[Start of Attachment]
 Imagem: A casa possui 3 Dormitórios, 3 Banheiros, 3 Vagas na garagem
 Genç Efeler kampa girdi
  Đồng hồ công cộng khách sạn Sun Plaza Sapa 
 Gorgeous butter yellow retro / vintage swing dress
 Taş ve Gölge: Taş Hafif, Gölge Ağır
[End of Attachment]
[Start of Attachment]
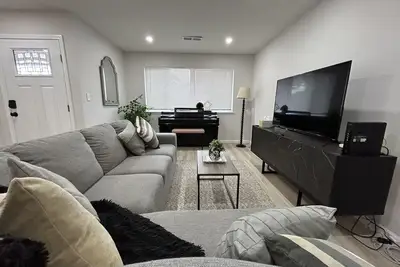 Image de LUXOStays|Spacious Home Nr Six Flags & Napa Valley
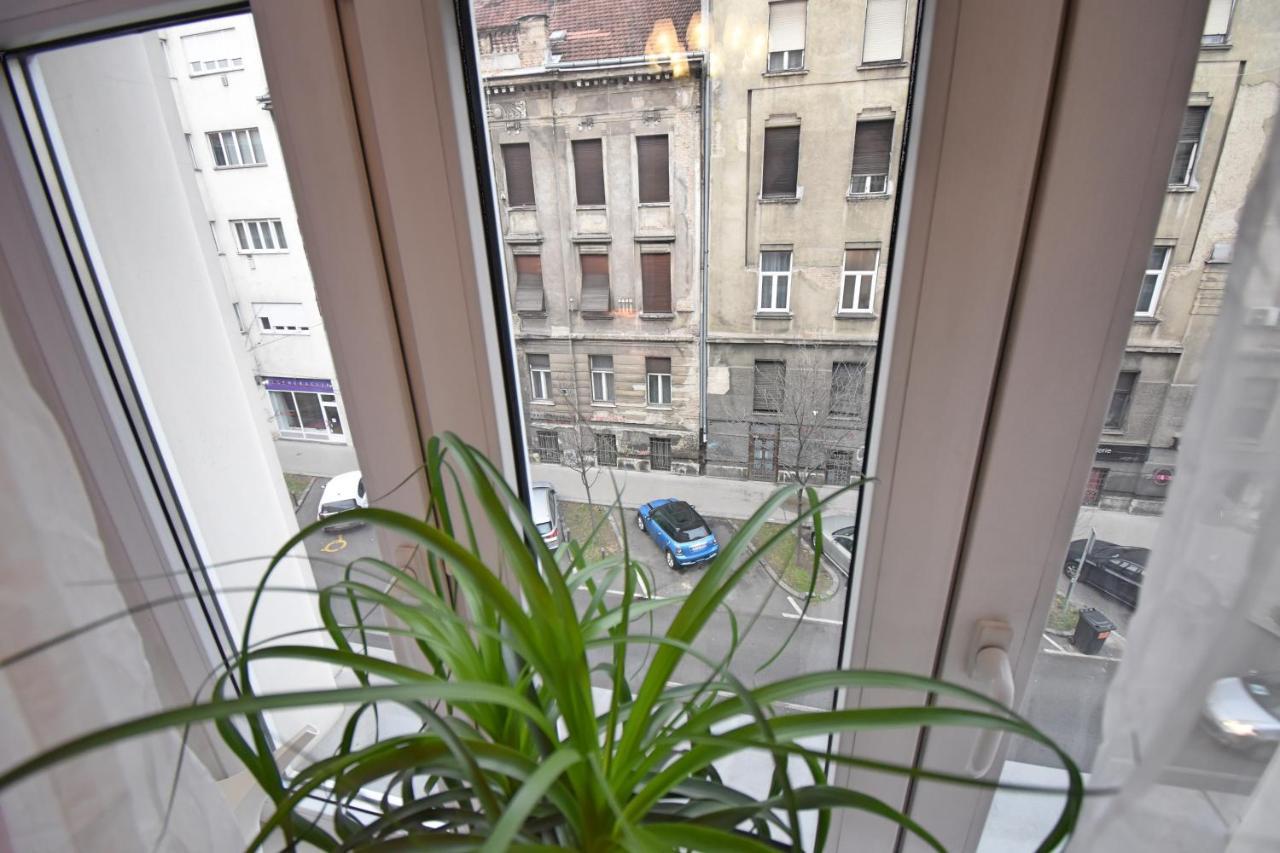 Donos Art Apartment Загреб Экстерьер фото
[End of Attachment]
[Start of Attachment]
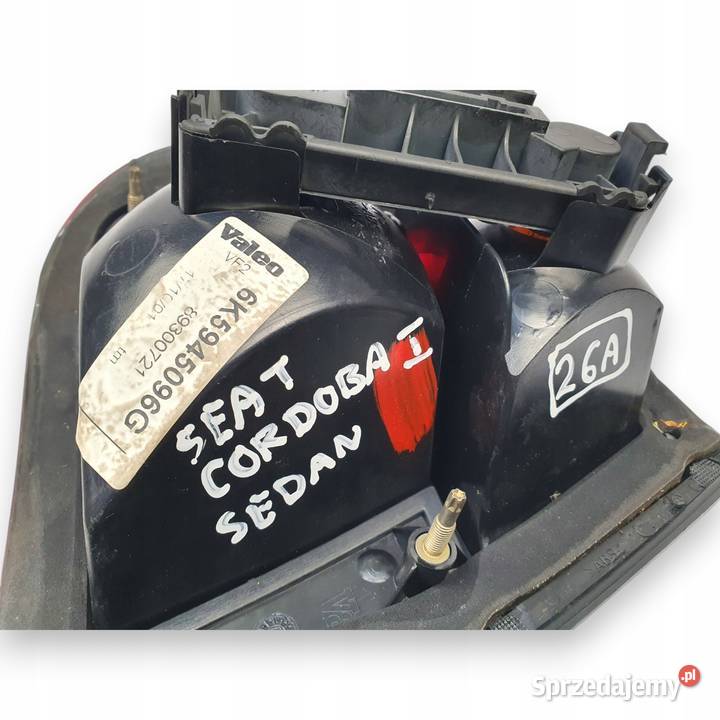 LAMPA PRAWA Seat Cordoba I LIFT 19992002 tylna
[End of Attachment]
» WORK TO BE COMPLETED
Retype word for word everything in the listing above from the line that holds "Imagem: A casa" down to the line that holds "Taş ve Gölge: Taş Hafif, Gölge Ağır". Keep both end lines and leave out the rest.

» ANSWER TO THIS TASK
 Imagem: A casa possui 3 Dormitórios, 3 Banheiros, 3 Vagas na garagem
 Genç Efeler kampa girdi
  Đồng hồ công cộng khách sạn Sun Plaza Sapa 
 Gorgeous butter yellow retro / vintage swing dress
 Taş ve Gölge: Taş Hafif, Gölge Ağır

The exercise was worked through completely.